# Built in system design help



## Tom Grimes (Feb 5, 2011)

I'm working on a room for a fraternity. It's a fresh remodel and is going to be used mostly as a club style dance room. There is an adjoining storage room so the subwoofer is going to be an Infanite Baffle. 

I'm looking for opinions how to do the mains. I want it to be pretty plug and play for a DJ with a laptop. So all he really has to do is plug in and maybe have a main volume knob. The main rack will be in the storage room so it's set by somebody with jniwledge of the system in advance to safe levels for the components.

I know ill need a crossover and an amp. Im not too exerienced in things up the chain from that.
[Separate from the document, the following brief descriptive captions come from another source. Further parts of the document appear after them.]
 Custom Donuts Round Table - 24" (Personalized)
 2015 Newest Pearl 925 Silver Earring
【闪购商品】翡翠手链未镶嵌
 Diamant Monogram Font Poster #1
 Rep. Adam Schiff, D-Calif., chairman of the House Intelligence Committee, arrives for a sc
Speakers could be two larger ones on the wall with th IB, but I had the room wired with speaker wire going to all 4 corners plus two spots in the middle of the room similar to a HT layout. So 4 or 6 smaller speakers could work since the low range is handled elsewhere.

The room is about 15X25.
Budget is around 2k. Could go to 3 with justification.
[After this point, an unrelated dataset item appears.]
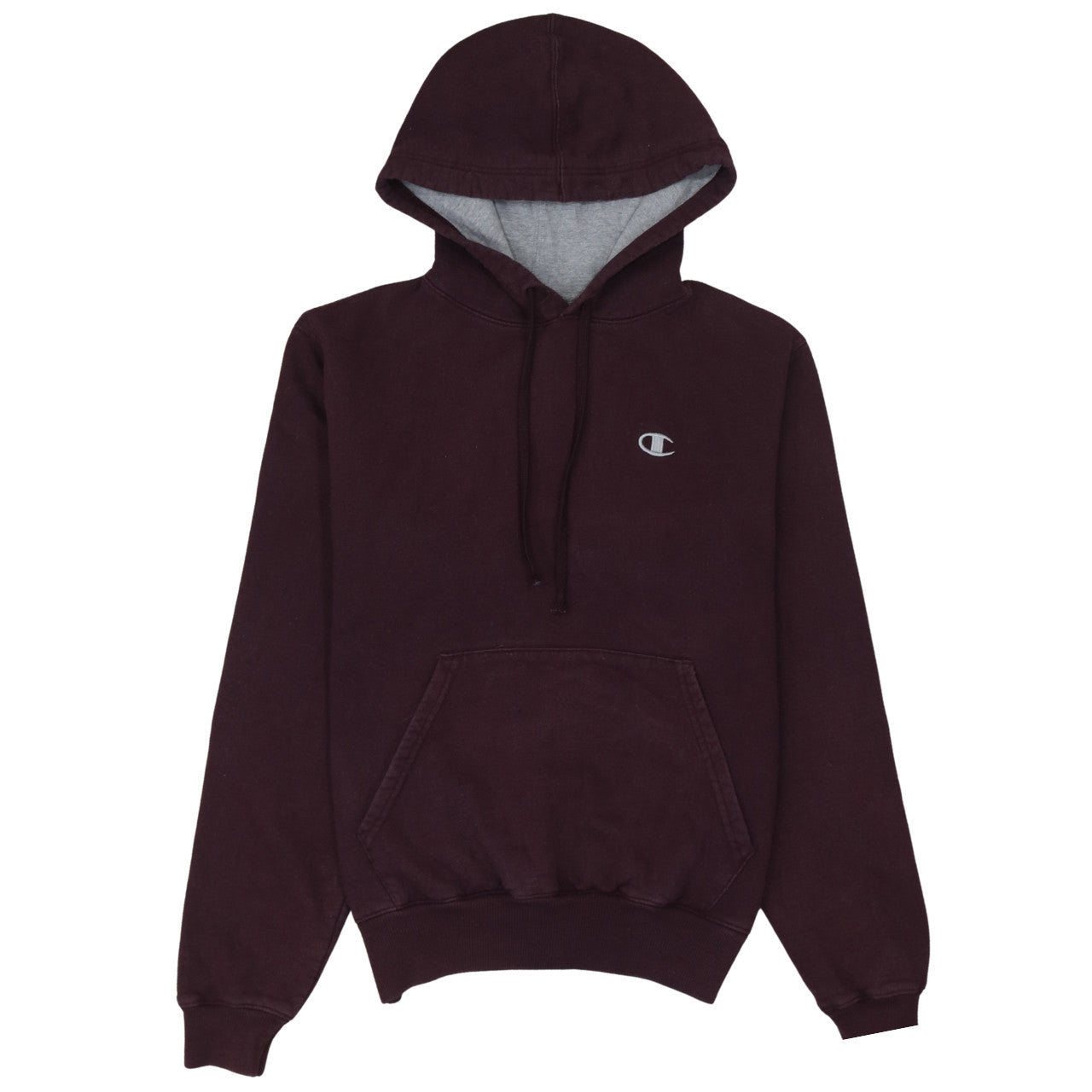 Mens UK Size S Champion Brown Pullover Hoodie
Clarity is important as well. 
I'll post pics if that would help.

Thanks for reading.


----------



## Zeitgeist (Apr 4, 2009)

Based on some of the other pictures and what not.... 

Are you looking for a home-type AV receiver?
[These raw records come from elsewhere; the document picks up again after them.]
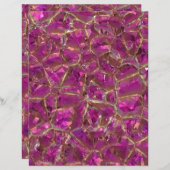 クリスタルピンク及び金ゴールドスクラップブック紙 (正面/裏面)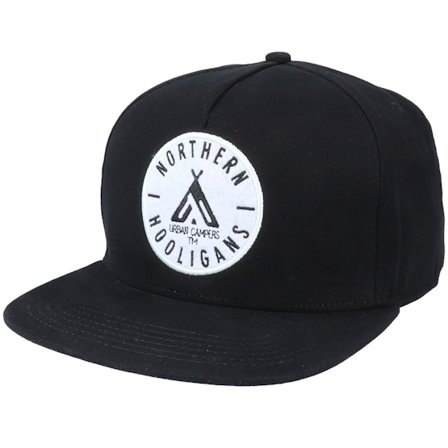 Northern Hooligans - Urban Campers Black Snapback Snapback Black Cap - @ Hatstore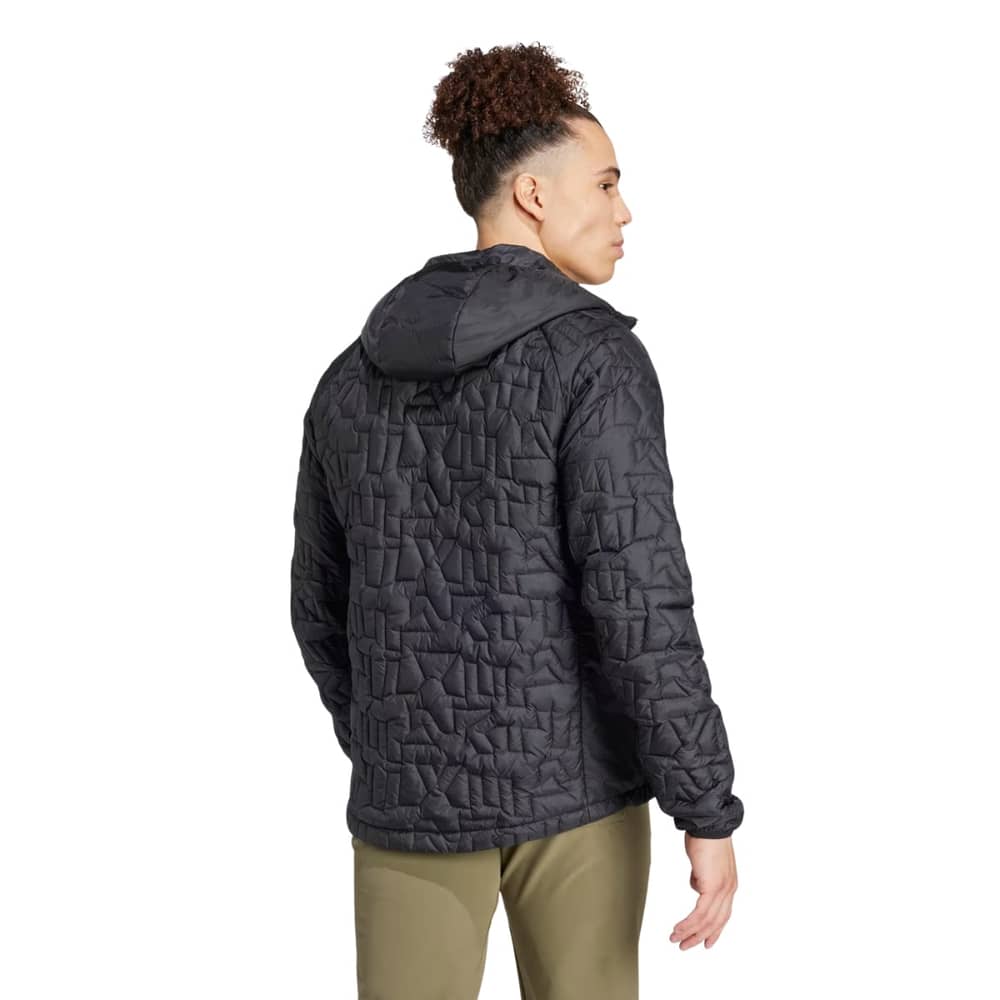 Adidas Terrex Xperior Primaloft Loosefill Hooded Jacket in Blanch Cargo - Image 3 of 4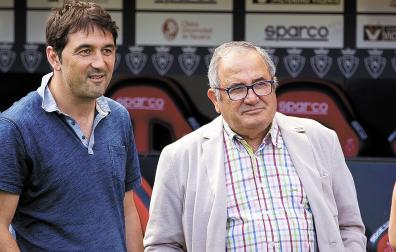 Braulio y Sabalza, poco después de su fichaje en 2017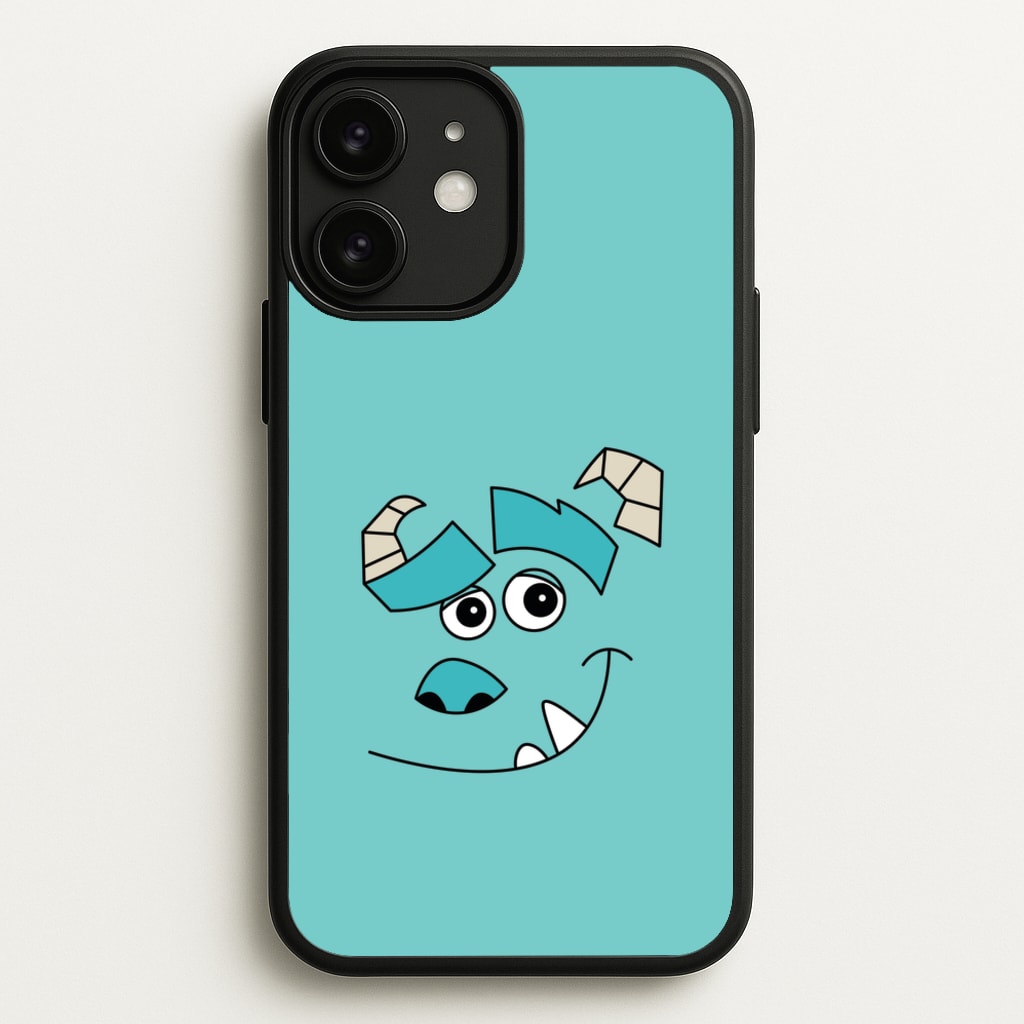 Blue Monster Face - Disney Phone Case for iPhone 11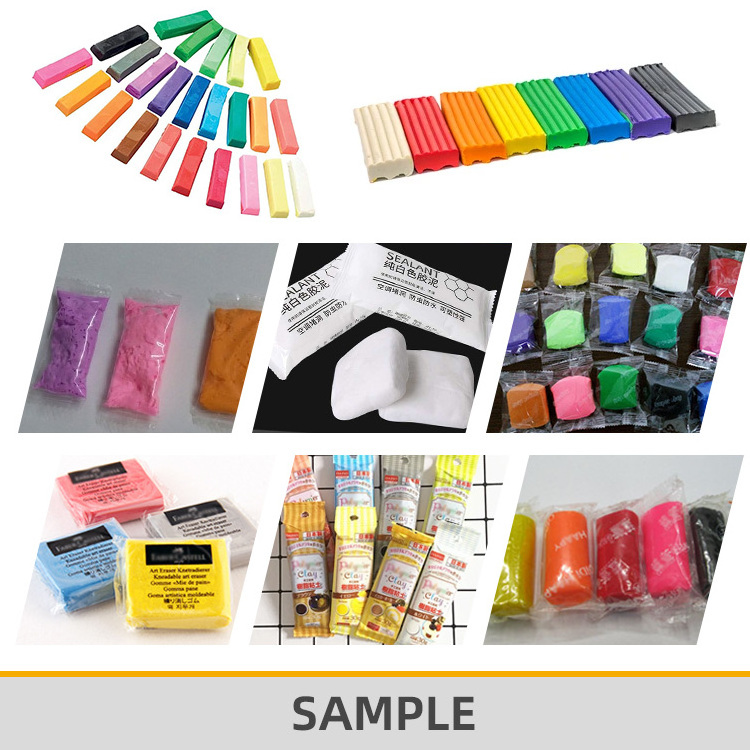 Automatic extruder packaging pillow sachet bag play dough plasticine light clay packing machine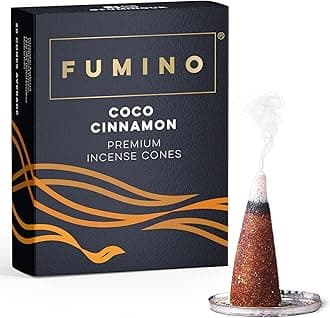 Coco Cinnamon Fresh Incense Cones 20 per Box Masala Agarbatti Joss Scent Fragrance for Relaxation and Meditation, Home and House Decor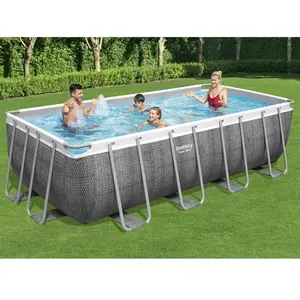 Comparateur de prix : Bestway ensemble de piscine power steel rectangulaire 488x244x122 cm
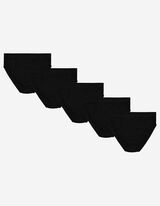 Slip - Confezione da 5 pezzi - nero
From your room and possibly your needs, I almost wonder if pro-audio gear might be more appropriate. Especially if you want something that can be banged and abused a little bit.


----------



## Tom Grimes (Feb 5, 2011)

Yeah. Pro Audio is what I was thinking. I don't think an AV unit would work the best for this.

But I'm really not a have fan of most PA type speakers. I have done a lot with pro amps and crossovers, but I'll need more than that.

Some sort of EQ will be need. Beyond that I need suggestions. I want to keep most of the equipment in a rack in the storage room, but the DJ is usually behind the bar. I could run the signal line from the bar to the rack fairly easily, but I don't want the main volume control to come from the music source. 

So does that sound like some sort of mixer at the input point that I could mount in/around the bar? Or is this an application for a simple stereo receiver that would essentially do a direct through to it's pre-outs? I know some laptop DJ's really like to go optical out so that could be an advantage of a stereo receiver. 

I know that there is also good usb sound cards that have a main volume knob. This is an option, but it would leave the system strictly laptop based.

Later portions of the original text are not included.